[ABOUT THIS TASK] None of the pictures should appear; the lines from the line containing "Túi Xách Nữ" through the last line of the listing must be repeated exactly.

[GIVEN DATA]
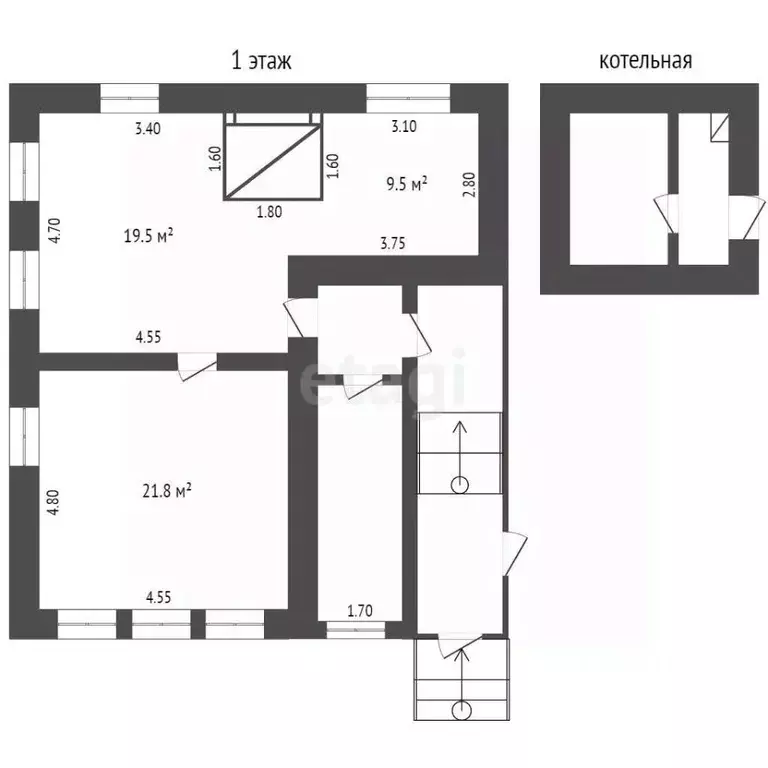 Дом в Нижегородская область, Выкса городской округ, Ближне-Песочное рп ... - Фото 1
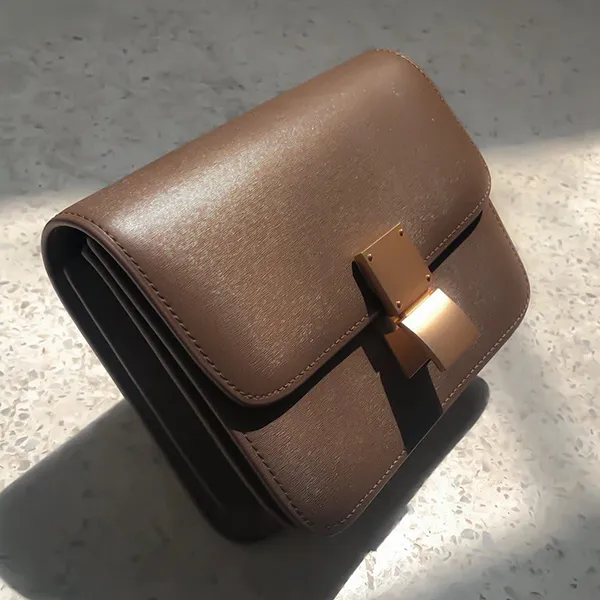 Túi Xách Nữ PrettyFit Box Bag Similar Màu Nâu - Túi xách - Vua Hàng Hiệu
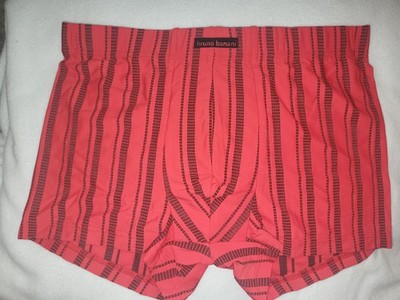 Bruno Banani 'Code Men' Hip Short Underwear Size Medium Red Stripe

[RESPONSE TO THIS EXERCISE]
 Túi Xách Nữ PrettyFit Box Bag Similar Màu Nâu - Túi xách - Vua Hàng Hiệu
 Bruno Banani 'Code Men' Hip Short Underwear Size Medium Red Stripe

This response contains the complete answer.